Verurteilung von Maria Kolesnikowa EU: Belarus begeht "eklatante Missachtung" der Menschenrechte
Die belarussische Oppositionspolitikerin Maria Kolesnikowa wurde zu elf Jahren Haft verurteilt. Die Europäische Union fordert ihre Freilassung – und die hunderter weiterer politischer Gefangener.
Die Verurteilung der Oppositionellen Maria Kolesnikowa und Maxim Snak hat über Belarus hinaus breites Entsetzen ausgelöst. Die Anwälte der beiden politischen Gefangenen wollen die Entscheidung vor dem Obersten Gericht in Belarus anfechten. Es gebe keine Rechtsgrundlage für eine Verurteilung, teilten die Anwälte mit.

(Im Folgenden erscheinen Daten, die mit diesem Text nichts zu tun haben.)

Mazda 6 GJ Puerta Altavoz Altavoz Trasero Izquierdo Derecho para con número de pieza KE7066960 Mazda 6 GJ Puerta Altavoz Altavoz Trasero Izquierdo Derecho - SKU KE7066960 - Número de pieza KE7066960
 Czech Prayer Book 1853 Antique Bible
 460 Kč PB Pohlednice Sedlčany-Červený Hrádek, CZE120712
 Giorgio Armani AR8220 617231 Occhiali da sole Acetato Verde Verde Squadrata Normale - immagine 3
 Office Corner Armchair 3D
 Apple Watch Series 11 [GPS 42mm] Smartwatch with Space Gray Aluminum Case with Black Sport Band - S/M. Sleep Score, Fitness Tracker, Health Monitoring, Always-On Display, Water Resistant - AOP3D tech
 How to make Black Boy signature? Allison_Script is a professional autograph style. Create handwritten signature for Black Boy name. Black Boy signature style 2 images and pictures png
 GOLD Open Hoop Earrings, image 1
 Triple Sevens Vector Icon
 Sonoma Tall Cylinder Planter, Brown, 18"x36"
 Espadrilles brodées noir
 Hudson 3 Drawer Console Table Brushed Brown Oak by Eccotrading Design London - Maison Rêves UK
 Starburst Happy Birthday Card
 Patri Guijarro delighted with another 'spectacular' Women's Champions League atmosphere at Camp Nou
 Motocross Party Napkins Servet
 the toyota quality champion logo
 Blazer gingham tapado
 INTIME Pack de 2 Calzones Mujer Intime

Die belarussische Opposition wies den Richterspruch als Unrechtsurteil zurück. Die beiden politischen Gefangenen hätten lediglich versucht, ihr Land zum Besseren zu verändern.
Auch die Bundesregierung verurteilte den Richterspruch gegen Kolesnikowa scharf. Eine Sprecherin des Auswärtigen Amtes in Berlin nannte ihn ein "Sinnbild für das rücksichtslose Vorgehen, die Repressionen und die Einschüchterungen des belarussischen Regimes gegen Oppositionspolitiker und Zivilgesellschaft".
Grüne: "Urteil des Unrechtsregimes Lukaschenkos"
Die Grünen und die FDP forderten, die Bundesregierung müsse sich für die sofortige Freilassung von Kolesnikowa, Snak und allen anderen 655 politischen Gefangenen einsetzen. Nötig seien humanitäre Visa für politisch Verfolgte und ein "wirksames Anziehen der EU-Sanktionen".
Es handele sich um "ein brutales und politisch willkürliches Urteil des Unrechtsregimes Lukaschenkos", teilte die Vizepräsidentin des Deutschen Bundestages, Claudia Roth, in Berlin mit. Ihr Fraktionskollege Manuel Sarrazin, Sprecher für Osteuropapolitik, warf "Diktator Lukaschenko" eine skrupellose Herrschaft vor. Unionsfraktionschef Ralph Brinkhaus sagte, das Urteil zeige, dass es in dem Land eine Besorgnis erregende Entwicklung gebe. Es sei dringend notwendig, dass sich die EU gemeinsam für Demokratie und Menschenrechte einsetze.
EU unterstreicht Forderungen
Unionsfraktionschef Ralph Brinkhaus (CDU) bezeichnete die Entwicklung in Belarus als "besorgniserregend". Es sei dringend notwendig, dass sich die EU gemeinsam für Demokratie und Menschenrechte einsetze, verlangte er.
Die Europäische Union reagierte mit einer am Montag veröffentlichten Erklärung. In dieser warf sie Minsk eine "eklatante Missachtung" der Menschenrechte vor und bekräftigte zugleich ihre Forderung nach der "unmittelbaren und bedingungslosen Freilassung aller politischer Gefangener" in Belarus, wie der Sprecher des EU-Außenbeauftragten Josep Borrell, Peter Stano, mitteilte.
Auch die Menschenrechtsorganisation Amnesty International in Deutschland forderte die sofortige Freilassung der politischen Gefangenen. "Die heutige Verurteilung soll den Millionen von Menschen, für die sie sprachen, nun endgültig die Hoffnung auf friedliche Veränderungen und Achtung der Menschenrechte nehmen", erklärte Katharina Masoud von Amnesty Deutschland. Kolesnikowa und Snak müssten sofort freigelassen werden, ebenso wie "hunderte weitere Menschen".
Elf Jahre Straflager
Kolesnikowa war nach Angaben belarussischer Staatsmedien fast ein Jahr nach ihrer Festnahme im Zuge der Proteste gegen Machthaber Alexander Lukaschenko zu elf Jahren Haft verurteilt worden. Auch die Bundesregierung hatte wiederholt die Freilassung der früheren Stuttgarter Kulturmanagerin gefordert.
Der mit Kolesnikowa angeklagte Anwalt Maxim Snak erhielt zehn Jahre Haft. Das Urteil erging wegen angeblicher versuchter illegaler Machtergreifung. Beide Verurteilten sollen die Haft im Straflager verbüßen, Snak in einem mit verschärften Haftbedingungen. Kolesnikowa hatte sich im vergangenen Jahr im Wahlkampf gegen Lukaschenko engagiert – als Managerin für den ebenfalls inhaftierten früheren Bankier Viktor Babariko, der Präsident werden wollte.